Task brief: Below is a listing; retype exactly the lines between the one containing "2 dormitórios de" and the one containing "محمد أبو تريكة ومحمد رمضان", inclusive, minus the pictures.

Records to process:
· · · ·
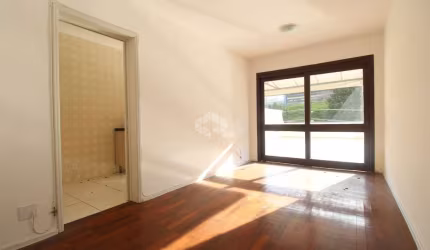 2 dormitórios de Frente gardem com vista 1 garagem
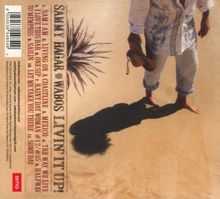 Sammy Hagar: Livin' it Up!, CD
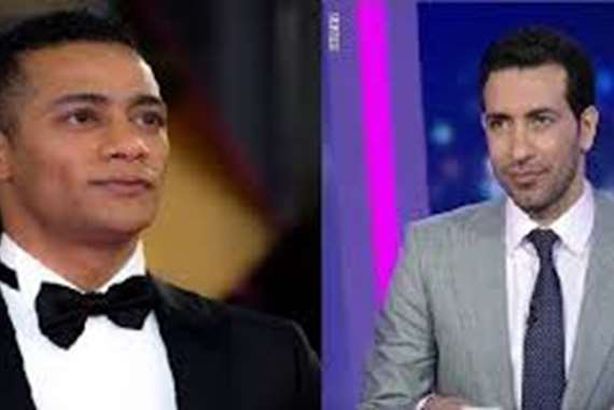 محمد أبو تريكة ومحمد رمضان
· · · ·
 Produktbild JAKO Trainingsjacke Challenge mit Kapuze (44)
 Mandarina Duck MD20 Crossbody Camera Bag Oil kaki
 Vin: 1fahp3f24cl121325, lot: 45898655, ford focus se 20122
· · · ·
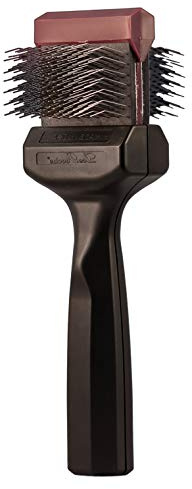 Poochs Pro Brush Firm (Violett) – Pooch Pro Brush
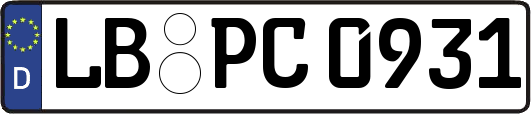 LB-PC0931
· · · ·
Solution to the problem:
 2 dormitórios de Frente gardem com vista 1 garagem
 Sammy Hagar: Livin' it Up!, CD
 محمد أبو تريكة ومحمد رمضان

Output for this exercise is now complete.